» Exercise requirements: In the records below, find the line with "8436 60th St" and repeat exactly every line from it through the line with "Lady Smith 642 LS". Pictures stay out.

Records for this task: Begin

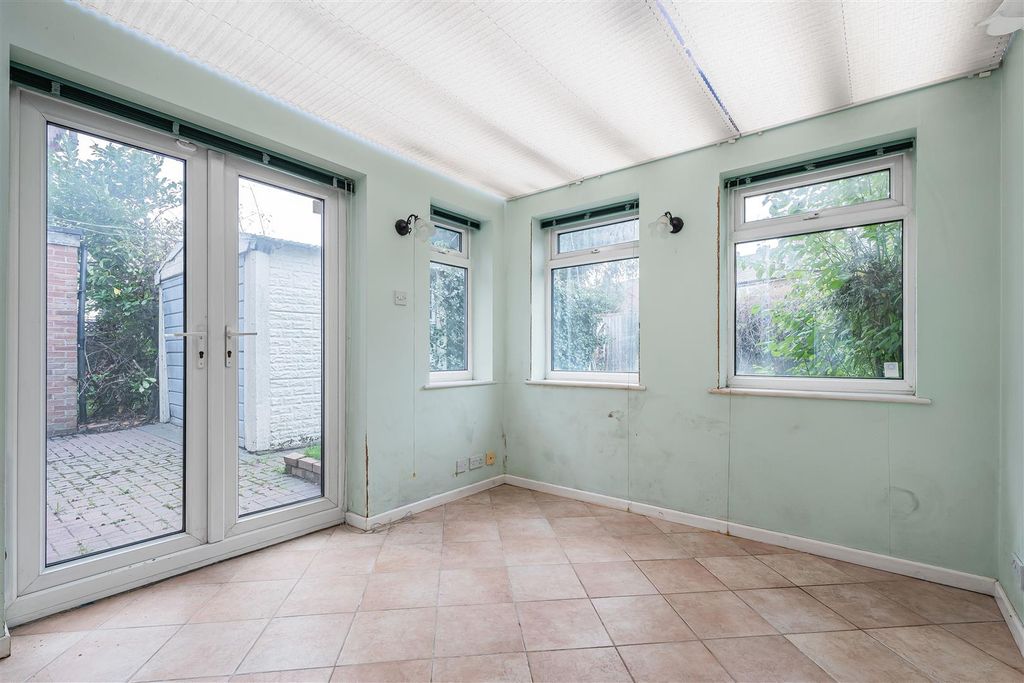Additional image 11 of 3 bed semi-detached house for saleFairbairn Road, Cambridge CB4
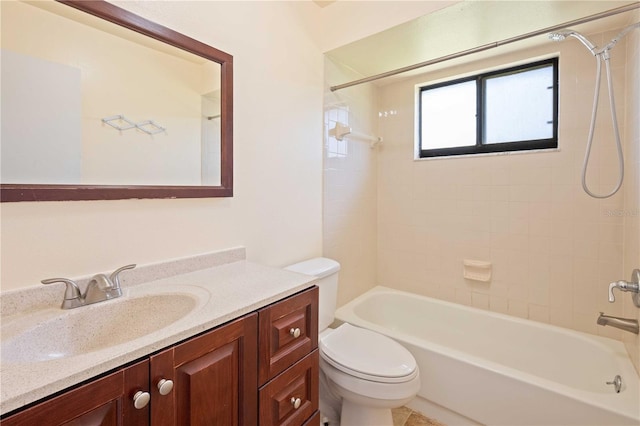 8436 60th St N Unit 304, Pinellas Park, FL 33781 - full bathroom with toilet, vanity, and shower / bath combination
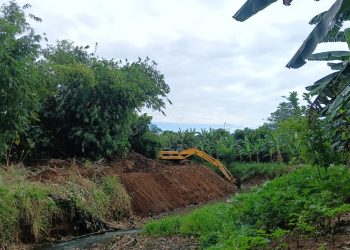 Pengerukan Sungai Singaraja Terkendala Akses, Pemda Malah Sibuk Rotasi Jabatan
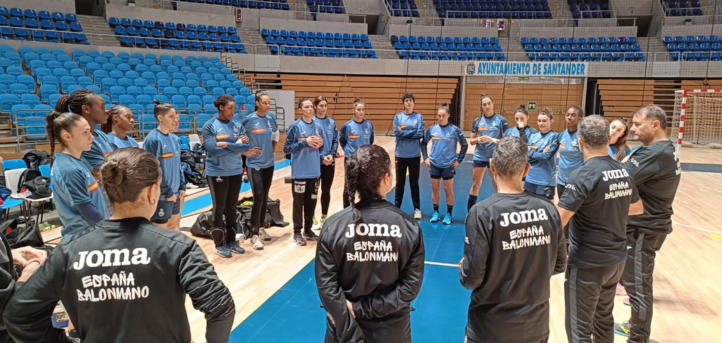 Carlota González, student of UNEATLANTICO, present at the training sessions of the Spanish national handball team prior to the World Cup
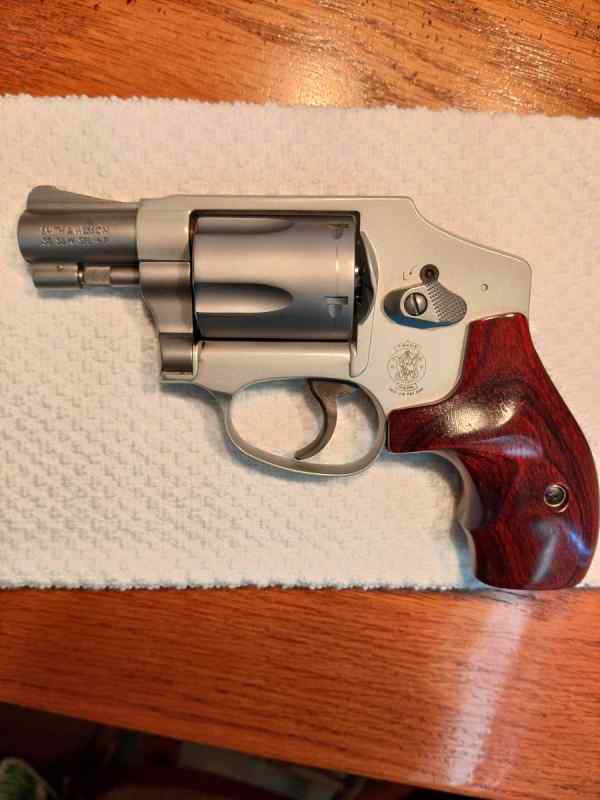 Lady Smith 642 LS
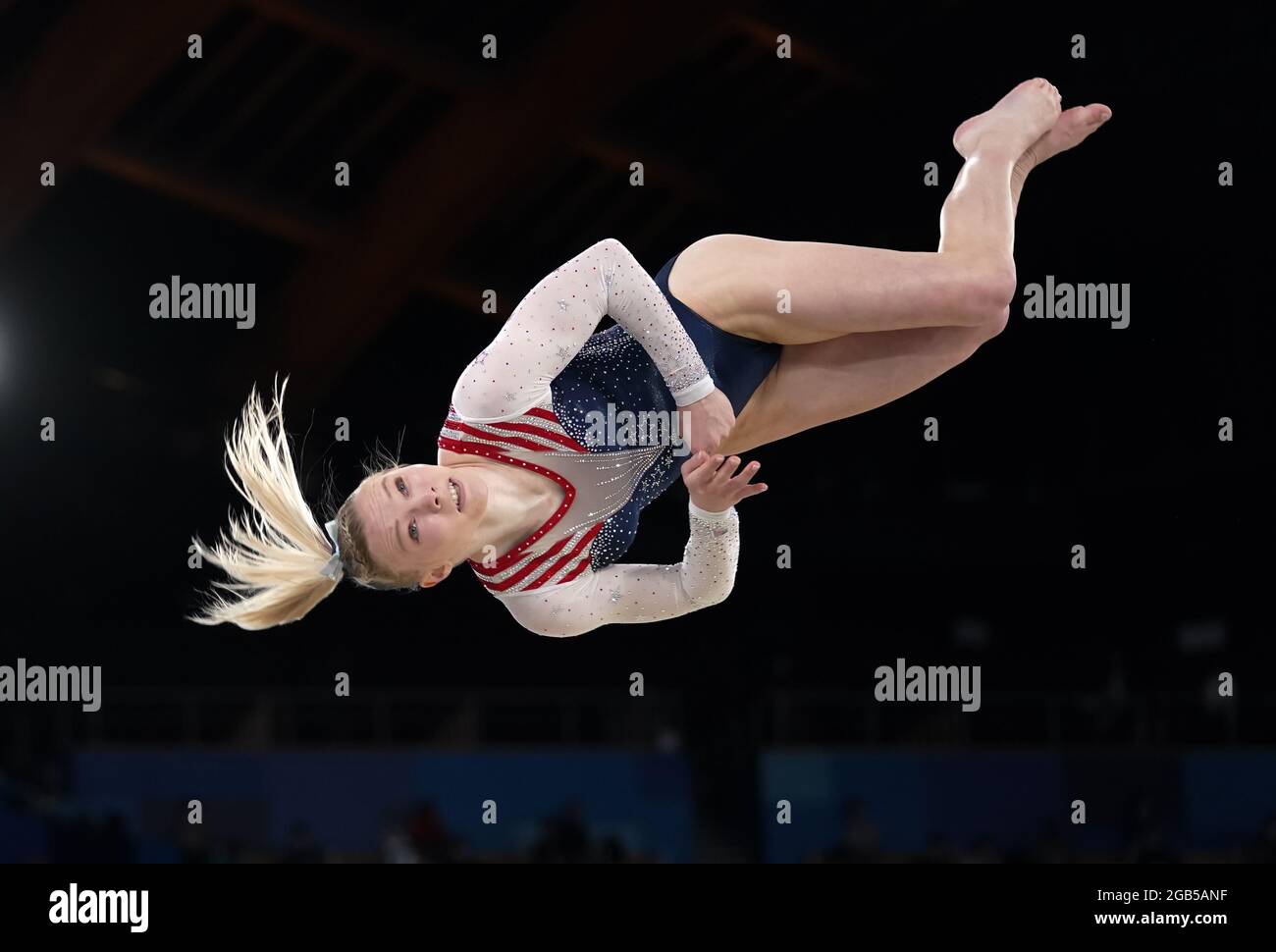 (210802) -- TOKYO, 2 août 2021 (Xinhua) -- Jade Carey des États-Unis participe à la finale de l'exercice de gymnastique artistique féminin aux Jeux Olympiques de Tokyo 2020 à Tokyo, au Japon, le 2 août 2021. (Xinhua/Cheng min) Banque D'Images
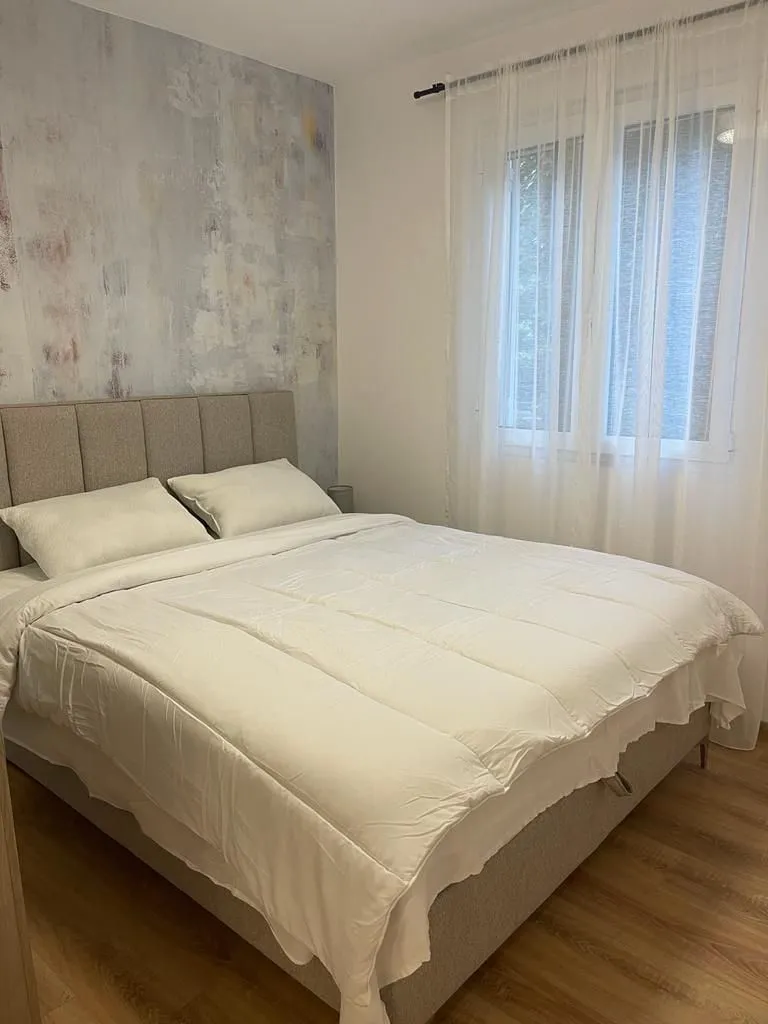 Rent, one bedroom apartment, 48m², Golubovina, Budva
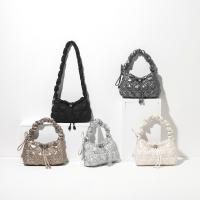 ราคา CARLYN กระเป๋า JOY H74111010 (1730368590926679008)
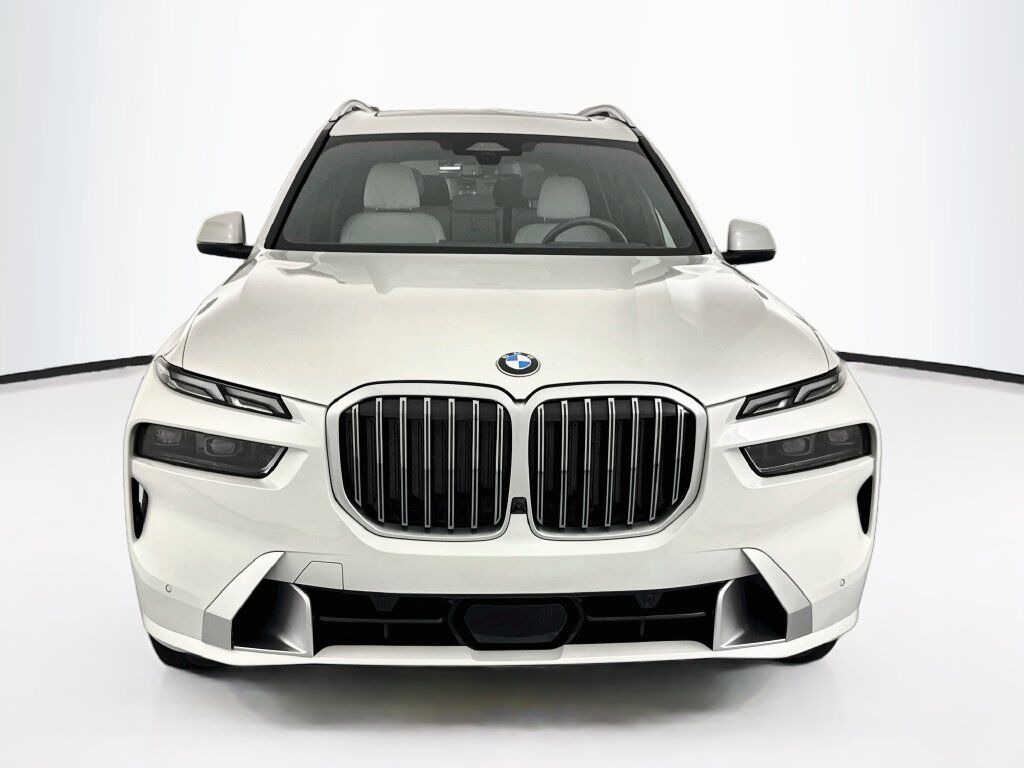 2024 BMW X7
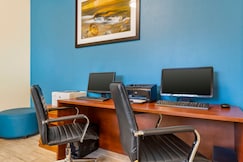 Best Western Plus Lake Elsinore Inn & Suites, Riverside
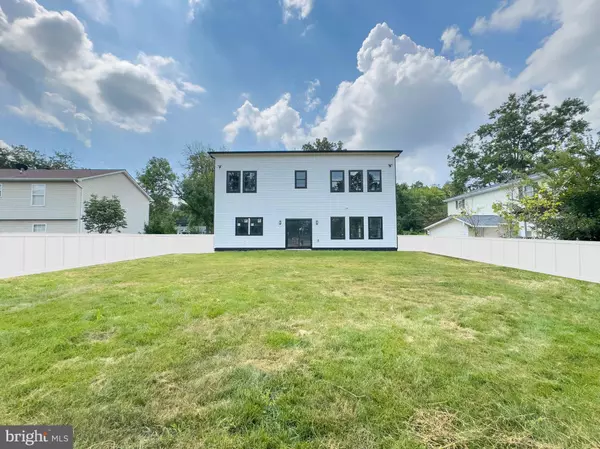 Manassas, VA 20111,8018 LELAND RD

Records for this task: End

» Completed task:
 8436 60th St N Unit 304, Pinellas Park, FL 33781 - full bathroom with toilet, vanity, and shower / bath combination
 Pengerukan Sungai Singaraja Terkendala Akses, Pemda Malah Sibuk Rotasi Jabatan
 Carlota González, student of UNEATLANTICO, present at the training sessions of the Spanish national handball team prior to the World Cup
 Lady Smith 642 LS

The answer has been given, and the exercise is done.